Your task is to extract every entry that follows word for word while excluding the pictures.

(Caption-style text data)
◆ ◆ ◆ ◆ ◆ ◆ ◆
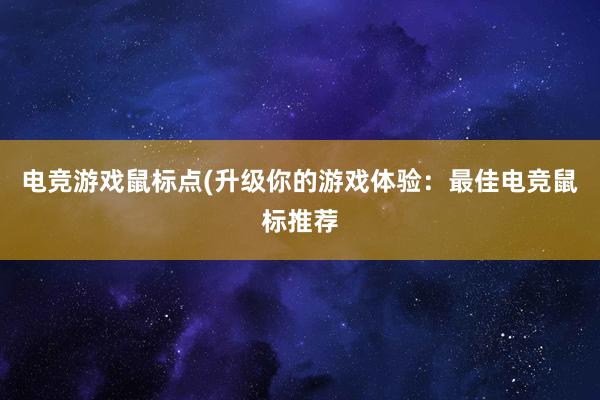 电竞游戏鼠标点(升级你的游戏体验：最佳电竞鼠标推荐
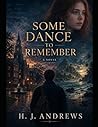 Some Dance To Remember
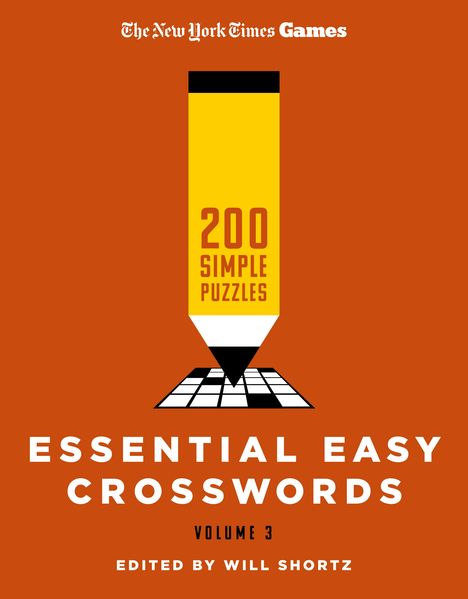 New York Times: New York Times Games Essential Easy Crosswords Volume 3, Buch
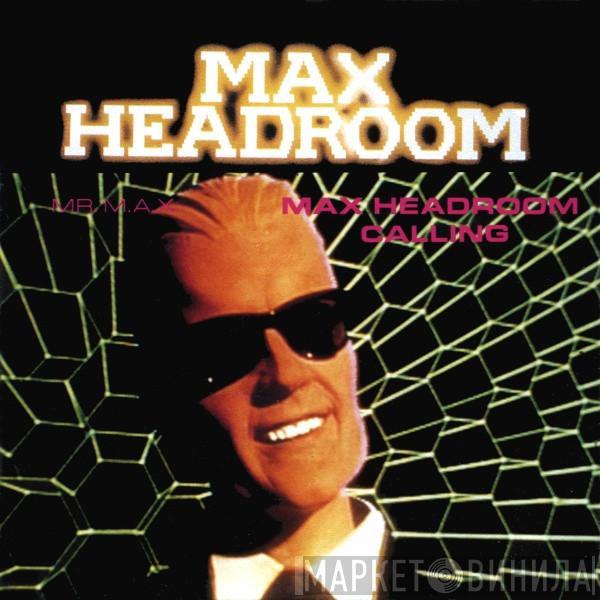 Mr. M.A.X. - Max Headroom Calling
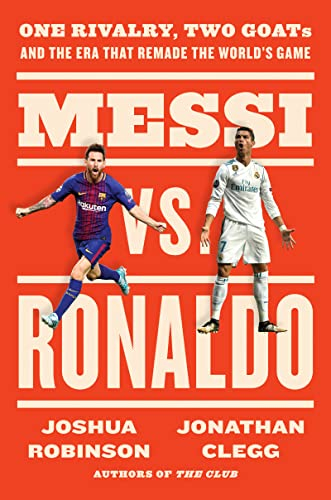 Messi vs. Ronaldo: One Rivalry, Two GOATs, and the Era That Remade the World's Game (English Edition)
◆ ◆ ◆ ◆ ◆ ◆ ◆
**Output below**.
 电竞游戏鼠标点(升级你的游戏体验：最佳电竞鼠标推荐
 Some Dance To Remember
 New York Times: New York Times Games Essential Easy Crosswords Volume 3, Buch
 Mr. M.A.X. - Max Headroom Calling
 Messi vs. Ronaldo: One Rivalry, Two GOATs, and the Era That Remade the World's Game (English Edition)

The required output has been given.